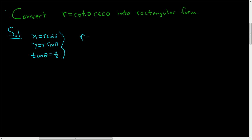So r is equal to, tangent is y over x. So cotangent, that's 1 over tangent, so it'll be x over y.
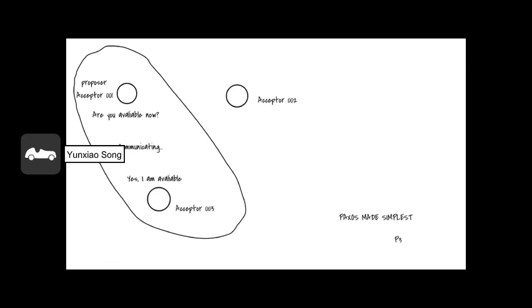Just as it interacted with node 002, node 001 will talk with node 003 on whether it is available or not. And here, we assume everything goes well, and there's no fault, and node 003 will reply to node 001 with yes, I'm available, and node 003 is going to keep that information somewhere within it.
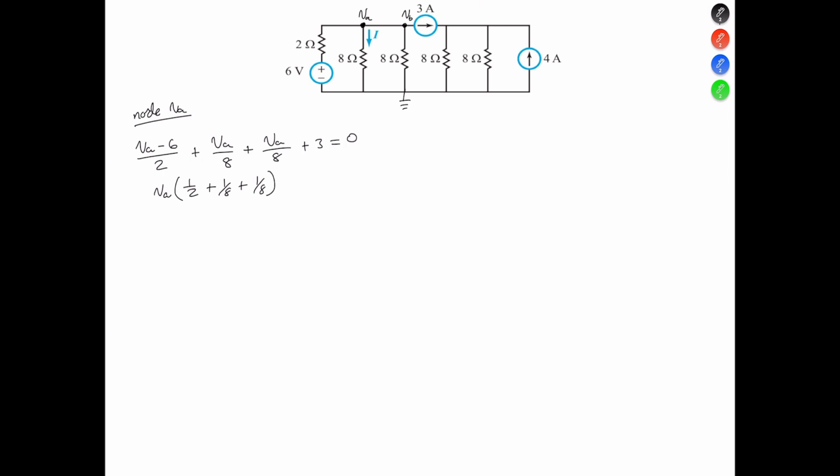Simplifying the expression, we have negative 6 divided by 2, which is negative 3, plus 3, and that is equal to 0. Thus, we see that the voltage VA equal VB is going to equal 0.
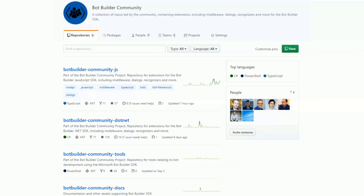What we also have in the bot ecosystem, similar to the PMP community, is a bot building community. So if anyone is interested in doing bot stuff, reach out to us. We have some GitHub repos out there which you can contribute to.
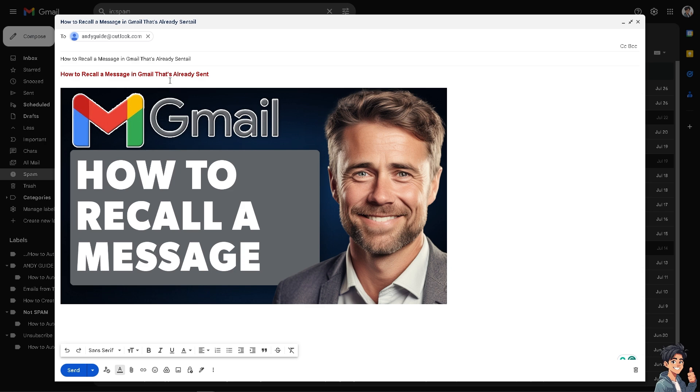Or, for example, you accidentally included incorrect details. Recalling the email gives you the chance to provide accurate information, especially if you realize that your message might be sent to the wrong person or group. Recalling it allows you to send to the intended recipients instead.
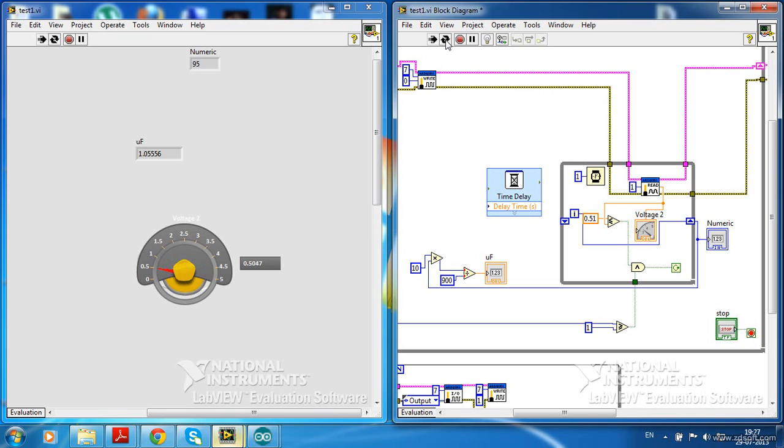Now it is showing almost the exact value, 1 microfarad.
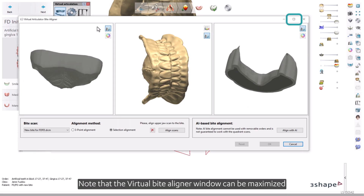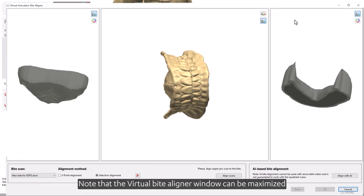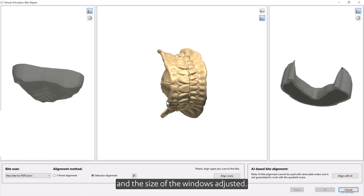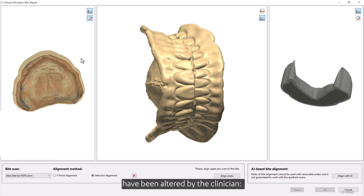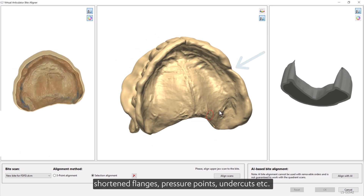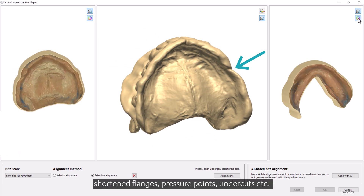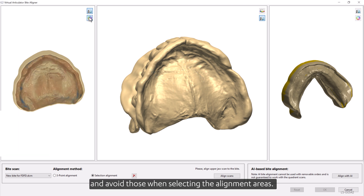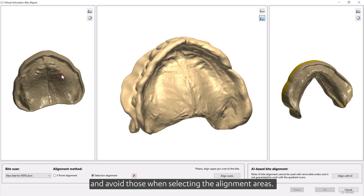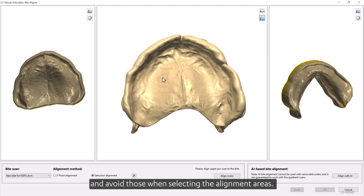Note that the Virtual Bite Aligner window can be maximized and the size of the windows adjusted. Make sure to keep track of which areas on the try-in dentures have been altered by the clinician — shortened flanges, pressure points, undercuts, etc. — and avoid those when selecting the alignment areas.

★ ★ ★ ★ ★

Repeat the lines above precisely and skip every picture.

[WRITTEN RESPONSE]:
So r is equal to, tangent is y over x. So cotangent, that's 1 over tangent, so it'll be x over y.
Just as it interacted with node 002, node 001 will talk with node 003 on whether it is available or not. And here, we assume everything goes well, and there's no fault, and node 003 will reply to node 001 with yes, I'm available, and node 003 is going to keep that information somewhere within it.
Simplifying the expression, we have negative 6 divided by 2, which is negative 3, plus 3, and that is equal to 0. Thus, we see that the voltage VA equal VB is going to equal 0.
What we also have in the bot ecosystem, similar to the PMP community, is a bot building community. So if anyone is interested in doing bot stuff, reach out to us. We have some GitHub repos out there which you can contribute to.
Or, for example, you accidentally included incorrect details. Recalling the email gives you the chance to provide accurate information, especially if you realize that your message might be sent to the wrong person or group. Recalling it allows you to send to the intended recipients instead.
Now it is showing almost the exact value, 1 microfarad.
Note that the Virtual Bite Aligner window can be maximized and the size of the windows adjusted. Make sure to keep track of which areas on the try-in dentures have been altered by the clinician — shortened flanges, pressure points, undercuts, etc. — and avoid those when selecting the alignment areas.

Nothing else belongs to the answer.